The reason I’m telling you this is because these Tlingit had a close relationship with the Russians, and so the trading that happened on this coast, this whole geographic area, the Russians, because of the relationship with the Tlingits, claimed a certain part of the Pacific coast. And that area ended about 30 miles from Prince Rupert or Metlakatla. That area became known as the Alaska panhandle when it was bought off of the Russians.
The Russians claimed ownership of it because they had a relationship with the Tlingit. I tell you this because if we had not eradicated the Tlingit from here, no doubt the Russians would have been claiming right down to here and this would have been part of the Alaska panhandle. So that’s part of the history that a lot of people don’t understand. I wanted to share a little bit of that with you.
You have witnessed the peaceful nature of our people, which is our preferred route. You have witnessed our people embracing visitors like Herman and Janie and Ian and Norm. Dr. Suzuki has a name amongst us, and you have witnessed the high regard and respect our people have for you, and they truly do. You have shared and you have danced and you have laughed in our big house.
You have witnessed our art on the floor, you’ve seen our totem poles. You’ve sat in front of our crests and our murals, an art form that you see that has grown from the wealth of our land. The abundance of the resources from Vancouver Island to the Tlingit lands in Alaska gave rise to the most highly developed art form in the world.
You see the large sculpture, the jade sculpture in the Vancouver airport carved by Bill Reid. There are three of those sculptures; one is “The Black Canoe”, which is in Washington, D.C. and there’s another, “White Canoe”, which is in the Canadian Museum of Civilization in Ottawa.
The commission that was paid to that Haida artist that I trained under for some time was the highest commission ever in the history of the world paid to a living artist. He was paid over $5 million for that. No other living artist has ever received such a commission. And that’s because the world, not only the world but Canada and all others, have embraced this art that comes from this land.
15692. So why does it come from this land? It comes from this land because this land is so rich. Our people have had the time and the ability to develop structures and art like no other nations in Canada. That’s what our art represents. That’s what you see before you. These symbols are formal; they’re recognized by all of the tribes of the coast so that when we meet each other we recognize who we are, whether we’re Eagle or Raven or Blackfish or Wolf.
I have a few totem poles around the world myself. When you come out of the International Centre in Vancouver and you walk across the street to the parking lot, you’ll see three totem poles that I carved. When you go into the Vancouver Trade and Convention Centre, you’ll see the first two totem poles I ever carved.
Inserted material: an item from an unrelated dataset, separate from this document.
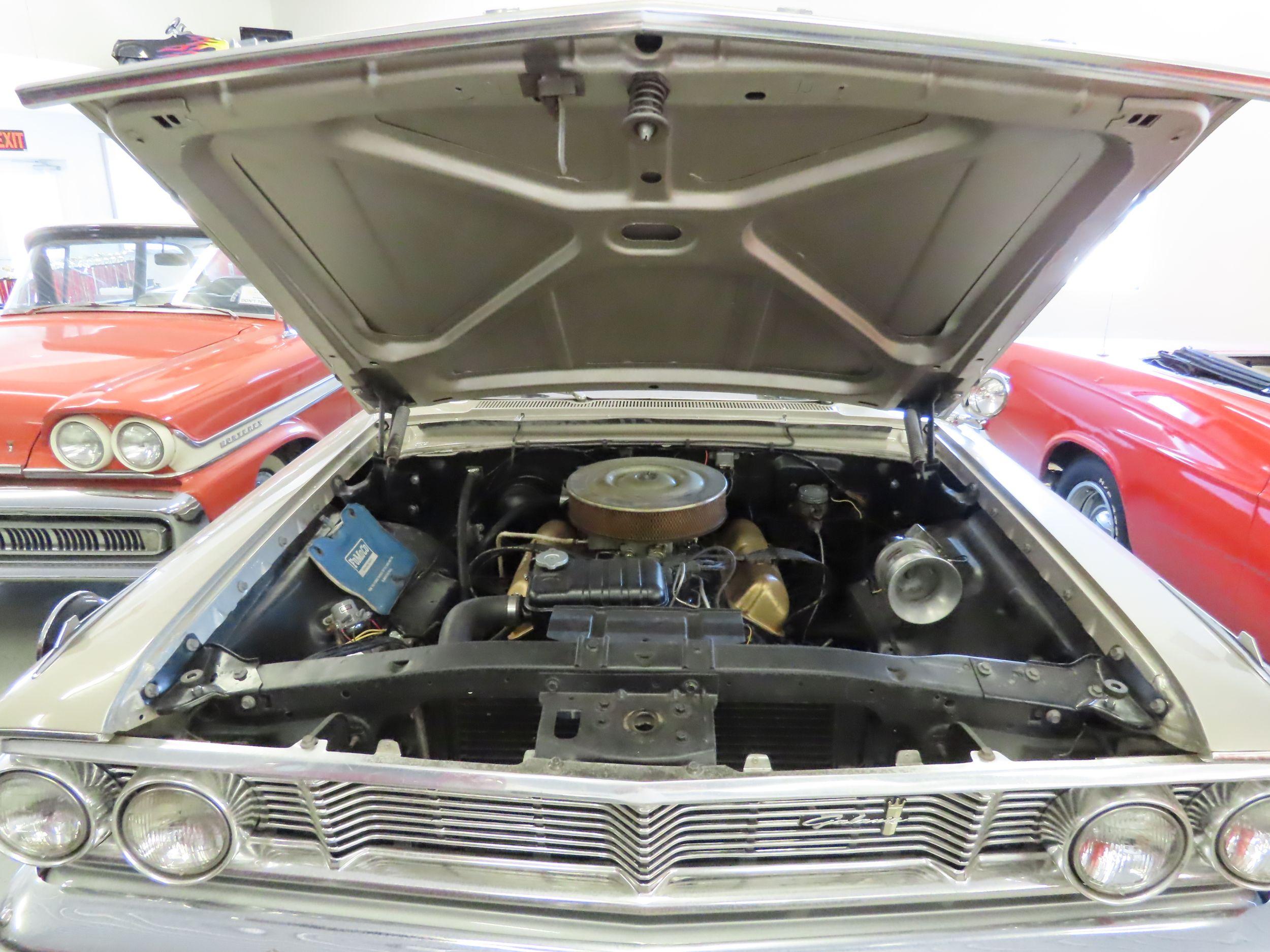 1964 Ford Custom 500 2dr Sedan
I trained under people like Bill Reid and Robert Davidson and many others and I passed on some of that here. And so you’ve seen that art in the community here done by young fellows here, Bruce and Henry and all these others. It’s ingrained in us, it becomes part of us. You go to the Canadian Museum of Civilization, you’ll see a mural painted in there by Jesse and Stan and myself, and you’ll hear one of our Chiefs speaking.
You’ll also see in the Tsimshian house there two bowls that came from this community and they’re — I was curator in that, and I placed those two bowls up front. One is a seal and one is a wolf, and those bowls are a symbol of a relationship that the Gitga’at people had with the Heiltsuk people. And the Heiltsuk gave those to them in return for a good deed that that Gitga’at people did for them. That’s one of the symbols that you’ll see at the Canadian Museum of Civilization in Ottawa.
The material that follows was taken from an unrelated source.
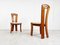 Vintage Scandinavian Dining Chairs, 1960s, Set of 4, Set of 4 8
You have heard from our people about how government mismanages and annihilated our abalone. You’ve heard how we’ve been eliminated — how it’s eliminated us from our commercial fishing for halibut, crab, prawns, black cod, sea urchins, sea cucumber, gooey duck, all of these viable fisheries that we’ve been excluded from by various government mechanisms, yet you haven’t seen any poverty in this community. That’s because we still have all that we need to eat and sustain ourselves. That’s what you’ve heard everybody talk about here; it’s not about an economy.
You know, a culture, a society depends on its sustenance, and no matter what we got paid for any kind of job or any fish we sold, it could never compare to the value that all of these men and women have talked to you about over the last couple of days. It’s the very core and foundation of our culture and our society, and we’re still here and we always will be.
Why? Because as you heard one of our Chiefs, Wahmoodmx, thousands of years ago said, “We will move no more because the Creator gave us title to these lands and waters along with the responsibility to protect all of the plants and animals on the land and in the water”.
We know from experience that our well-being as Gitga’at is dependent on the health of our ocean, just as our forests and land animals are dependent on the ocean. How so, you might ask? You might ask as Panellists; why do people talk about stripping bark when that’s on the land and we’re talking about an ocean project?
Well, the reality is we live in what some call the Pacific salmon forest and our forest is fertilized by salmon. Our monumental cedars are in the areas where bears and wolves and ravens and eagles eat salmon and spread that nutrient throughout the forest to grow these great big monumental cedars that you see on the coast of British Columbia that exist nowhere else in Canada and allow us to make huge ocean-going canoes or totem poles. That’s the connection.
When we were doing land use planning in the Great Bear Rainforest our Elders told us, you can’t do just land use planning; our lands depend on the ocean. They depend on the salmon. We’re intricately related. That’s what you were hearing from some of our people, and so I’m trying to connect a couple of those dots for you.
As Gitga’at, we should have stopped the abalone fishermen from exterminating our food. I remember coming down here when the abalone licences were available and saying to our Chiefs, “Hey, guys, there’s abalone licences out there. You can go get one. They don’t cost anything.”
And I can remember our late Chief saying, “Are you crazy, you can’t dive for abalone. You have to go out and get that on the low tide otherwise you’ll wipe it out”. Well it wasn’t long; it didn’t take them a decade to wipe the whole thing out.
We should have stopped the seines from wiping out a lot of our salmon runs in this area and our herring runs, leaving us with barely enough to feed ourselves, which we’re okay with, but the whales need our food, the bears need our feed, the wolves, the ravens, the eagles.
What you have witnessed in your short time amongst us is a living and breathing society, an ancient culture intact in its natural habitat.
If we were marbled murrelet, spotted owls, treed frogs we’d be safe. While the Gitga’at are small in numbers there are 20,000 other First Nation souls living and thriving in the Great Bear, this place that contains 25 percent of the coastal temperate rainforest left on planet earth.
You and your grandchildren and ours will always be welcome here. You’re intelligent people with the integrity that has been put inside your bodies by your parents and your grandparents.
You were given an amazing power by the Government of Canada. This power angers some and scares others. You have the power to decide the future path which the Tsimshian, the Gitga’at, the Haisla, the Haida, the Heiltsuk, the Nuxalk and Owikeno take.
Our preferred path is one of peace and reconciliation or a massive campaign, along with 80 percent of the British Colombians who support us, to convince Canada that our culture, our society, our place is worth saving. This choice is yours, not ours, choose your path wisely.
Thank you for listening to us. Thank you.